If $ n $ is reducible, it can be written as the product of two integers $ a $ and $ b $: $$ n = a \cdot b $$ where $ a, b $ are integers such that $ 2 \leq a, b < n $.
By the induction hypothesis, both $ a $ and $ b $ have valid factorizations.
Therefore, $ n $ must also have a factorization.

Thus, we have established the existence of a factorization for every positive integer $ n $.

Uniqueness of Factorization

Let $ m $ be the number of irreducible factors in the shortest possible factorization of an integer.

If $ m = 1 $, then the number itself must be irreducible (i.e., prime):

$$ p = p^1 $$

Suppose, for contradiction, that $ p $ has another factorization:

$$ p = q_1^{k_1} \cdot q_2^{k_2} \cdots q_n^{k_n} $$

where $ q_i $ are factors greater than 1, and $ k_i > 0 $.

Since $ p $ divides itself, it must also divide at least one of the factors $ q_x $ on the right-hand side.

If $ p $ is prime and divides $ q_x $, then $ q_x $ must be equal to $ p $:

$$ p \mid q_x \Rightarrow q_x = p $$

Rewriting the equation:

$$ p = q_x \cdot q_1^{k_1} \cdot q_2^{k_2} \cdots q_n^{k_n} $$

Since $ q_x = p $, the only way for this equality to hold is if all other exponents are zero:

$$ p = q_x \cdot q_1^{0} \cdot q_2^{0} \cdots q_n^{0} $$

$$ p = q_x \cdot 1 \cdot 1 \cdots 1 $$

$$ p = q_x $$

$$ p = p $$

This proves the base case of our induction.

Now, assume that uniqueness holds for all factorizations involving $ m-1 $ irreducible factors.

Consider an integer $ n $ with a minimal-length factorization of $ m $ irreducible elements, where each $ p_i > 1 $:

$$ n = p_1^{h_1} \cdot p_2^{h_2} \cdots p_m^{h_m} $$

Suppose $ n $ has an alternative factorization into $ m $ irreducible factors:

$$ n = q_1^{h_1} \cdot q_2^{h_2} \cdots q_t^{h_t} $$

This gives the equality:

$$ p_1^{h_1} \cdot p_2^{h_2} \cdots p_s^{h_s} = q_1^{h_1} \cdot q_2^{h_2} \cdots q_t^{h_t} $$

Let $ p_1 $ be a prime that divides at least one $ q_i $ on the right-hand side:

$$ p_1^{h_1} \cdot p_2^{h_2} \cdots p_s^{h_s} = q_1^{h_1} \cdots q_i \cdots q_t^{h_t} $$

We can cancel $ p_1 $ and $ q_i $ from both sides.
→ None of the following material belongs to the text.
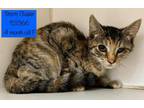 Adopt Storm Chaser a Domestic Short Hair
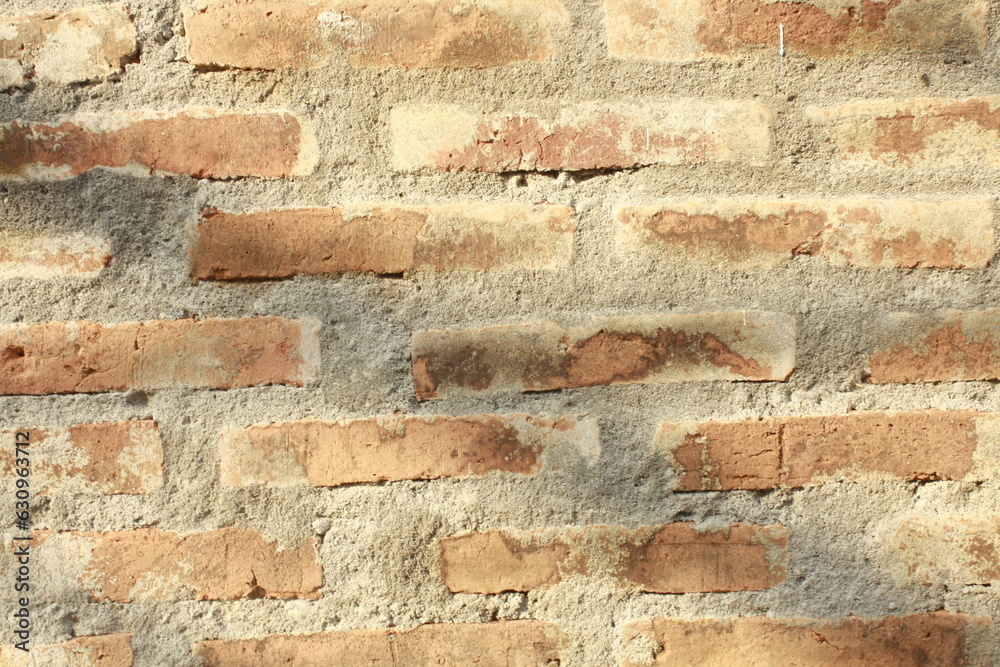 Timeless Charm: Rustic Brick Wall Timeless Charm: Rustic Brick Wall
This reduces the number of irreducible factors in $ p $ to $ m-1 $.

By the induction hypothesis, this factorization must also be unique.

It follows that every $ q_i $ must be equal to some $ p_i $, except possibly for their order.

Thus, we have proven the uniqueness of the minimal-length factorization.

And so on.